As the sectarian violence continued, with a Catholic man from Newtownabbey becoming the ninth shooting victim in six days, Sinn Fein president Gerry Adams said that the conflict was entering its "final phase".
He hinted that behindthe-scenes moves to break the deadlock over "clarification" of the Christmas Downing Street initiative could be bearing fruit.
But Irish authorities clearly losing patience accused him of playing mere "rhetorical games" while the killing went on. Speaking at a joint address in the United States earlier this week, Cardinal Cahal Daly and Ms Church of Ireland counterpart, Archbishop Robin Eames of Armagh, said the movement towards peace was "irreversible and unstoppable".
Ireland was heading towards peace because that's what the people wanted, they said even members of the outlawed sectarian paramilitary groups.
The two Church leaders appealed once again for terrorist organisations to lay down their arms. "Stop bringing death to innocent people," they said. "Stop making children orphans and wives widows."
The two men were in Washington to promote 'Armagh Together', a year-long festival celebrating the 1,550th anniversary of St Patrick's mission to Ireland. The saint founded the first Christian church on the island in Armagh.
Sinn Fein the political wing of the IRA has neither accepted nor rejected December's Anglo-Irish initiative, but called for clarification of key points a demand backed by Cardinal Daly.

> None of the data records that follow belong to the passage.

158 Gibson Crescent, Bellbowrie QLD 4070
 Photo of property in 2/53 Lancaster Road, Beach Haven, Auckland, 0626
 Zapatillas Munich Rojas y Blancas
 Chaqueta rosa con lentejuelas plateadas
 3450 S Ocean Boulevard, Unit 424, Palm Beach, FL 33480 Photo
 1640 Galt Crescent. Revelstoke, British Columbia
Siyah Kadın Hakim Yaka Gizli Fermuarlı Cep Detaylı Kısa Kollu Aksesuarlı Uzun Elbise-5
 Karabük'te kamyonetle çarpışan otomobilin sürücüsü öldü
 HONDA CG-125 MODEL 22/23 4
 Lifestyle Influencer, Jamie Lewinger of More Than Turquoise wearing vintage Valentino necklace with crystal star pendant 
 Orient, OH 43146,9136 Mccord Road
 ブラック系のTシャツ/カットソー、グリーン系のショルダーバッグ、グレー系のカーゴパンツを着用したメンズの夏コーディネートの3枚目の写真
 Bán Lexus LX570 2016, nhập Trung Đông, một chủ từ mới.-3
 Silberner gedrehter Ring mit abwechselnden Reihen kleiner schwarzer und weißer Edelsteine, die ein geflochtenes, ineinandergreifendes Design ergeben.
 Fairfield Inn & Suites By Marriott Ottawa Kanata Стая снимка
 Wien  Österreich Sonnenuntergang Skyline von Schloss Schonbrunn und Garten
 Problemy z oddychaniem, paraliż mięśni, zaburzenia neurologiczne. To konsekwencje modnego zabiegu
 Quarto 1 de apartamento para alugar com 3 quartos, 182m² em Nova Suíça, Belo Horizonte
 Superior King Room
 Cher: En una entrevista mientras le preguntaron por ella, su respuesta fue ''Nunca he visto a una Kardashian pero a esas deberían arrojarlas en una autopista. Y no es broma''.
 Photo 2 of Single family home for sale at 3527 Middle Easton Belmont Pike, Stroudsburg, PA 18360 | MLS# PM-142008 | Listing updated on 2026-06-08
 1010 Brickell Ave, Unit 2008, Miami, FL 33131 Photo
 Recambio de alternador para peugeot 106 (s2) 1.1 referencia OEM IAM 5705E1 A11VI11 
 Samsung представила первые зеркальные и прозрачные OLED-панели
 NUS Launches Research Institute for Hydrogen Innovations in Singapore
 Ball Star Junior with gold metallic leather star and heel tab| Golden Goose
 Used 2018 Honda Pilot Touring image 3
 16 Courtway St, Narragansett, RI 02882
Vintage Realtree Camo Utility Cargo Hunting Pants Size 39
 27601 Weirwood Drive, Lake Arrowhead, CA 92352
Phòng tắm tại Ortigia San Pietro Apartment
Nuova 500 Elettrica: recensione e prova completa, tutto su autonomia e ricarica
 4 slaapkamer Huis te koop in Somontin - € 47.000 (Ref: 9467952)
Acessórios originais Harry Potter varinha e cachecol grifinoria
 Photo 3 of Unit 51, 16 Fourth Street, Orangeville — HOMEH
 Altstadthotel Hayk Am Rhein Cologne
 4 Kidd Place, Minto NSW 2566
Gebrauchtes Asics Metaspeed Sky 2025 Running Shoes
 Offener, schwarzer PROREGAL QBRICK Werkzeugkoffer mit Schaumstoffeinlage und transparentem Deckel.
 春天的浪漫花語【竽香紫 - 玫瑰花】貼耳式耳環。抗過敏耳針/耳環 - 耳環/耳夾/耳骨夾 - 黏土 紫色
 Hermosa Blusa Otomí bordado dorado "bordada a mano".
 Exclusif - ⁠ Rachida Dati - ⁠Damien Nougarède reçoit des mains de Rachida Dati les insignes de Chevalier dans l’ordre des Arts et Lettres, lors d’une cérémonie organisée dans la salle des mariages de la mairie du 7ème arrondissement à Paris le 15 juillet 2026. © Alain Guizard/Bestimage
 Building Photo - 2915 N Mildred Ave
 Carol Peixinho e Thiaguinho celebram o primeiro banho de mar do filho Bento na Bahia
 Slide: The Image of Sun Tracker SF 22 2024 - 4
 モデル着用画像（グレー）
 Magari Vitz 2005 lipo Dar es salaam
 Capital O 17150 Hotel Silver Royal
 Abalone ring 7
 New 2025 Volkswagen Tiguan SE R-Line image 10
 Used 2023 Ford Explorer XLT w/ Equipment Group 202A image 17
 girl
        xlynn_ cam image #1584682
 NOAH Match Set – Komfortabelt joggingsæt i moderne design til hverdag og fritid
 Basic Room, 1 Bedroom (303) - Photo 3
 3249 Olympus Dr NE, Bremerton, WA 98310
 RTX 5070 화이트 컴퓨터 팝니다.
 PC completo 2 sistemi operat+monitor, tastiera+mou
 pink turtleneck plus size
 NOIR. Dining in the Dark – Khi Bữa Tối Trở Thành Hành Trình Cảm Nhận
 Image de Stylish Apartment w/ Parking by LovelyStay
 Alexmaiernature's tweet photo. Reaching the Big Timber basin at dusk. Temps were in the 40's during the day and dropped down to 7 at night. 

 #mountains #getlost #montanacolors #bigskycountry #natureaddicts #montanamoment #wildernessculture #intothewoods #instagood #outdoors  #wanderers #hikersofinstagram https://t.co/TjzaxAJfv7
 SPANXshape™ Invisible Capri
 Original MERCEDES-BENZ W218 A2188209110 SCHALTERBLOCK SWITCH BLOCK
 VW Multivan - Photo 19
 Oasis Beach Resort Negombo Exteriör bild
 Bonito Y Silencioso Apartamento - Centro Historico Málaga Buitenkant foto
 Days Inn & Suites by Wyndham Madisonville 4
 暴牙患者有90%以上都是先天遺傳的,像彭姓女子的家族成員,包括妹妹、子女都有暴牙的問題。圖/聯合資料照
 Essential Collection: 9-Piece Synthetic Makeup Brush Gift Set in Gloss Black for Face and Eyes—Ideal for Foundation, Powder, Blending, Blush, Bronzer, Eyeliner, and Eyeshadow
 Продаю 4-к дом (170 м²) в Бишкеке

Asked this week whether he would take up what appeared to be an offer by Sir Patrick Mayhew, the Northern Ireland Secretary, to provide such clarification, Mr Adams said: "We're exploring that. I won't say I am hopeful, but I have always said we would be flexible in allowing them to get off the hook they have got themselves on. We are pursuing the issue."
But Deputy Irish Prime Minister Dick Spring said many people were hurt and disappointed "at the end of a particularly vicious and murderous week in Northern Ireland, to hear of Sinn Fein continuing to play rhetorical games."
There was a "simple and direct" way forward, Mr Spring said during a May Day speech: "If there are any serious and real issues of clarification that have not been addressed by either the British or Irish governments, we deserve to be told."
Cardinal Daly said: "If clarification is reasonably required, it should be prudently given."
"I believe Sinn Fein and the IRA are looking for help in extricating themselves from the environment of violence," the cardinal added.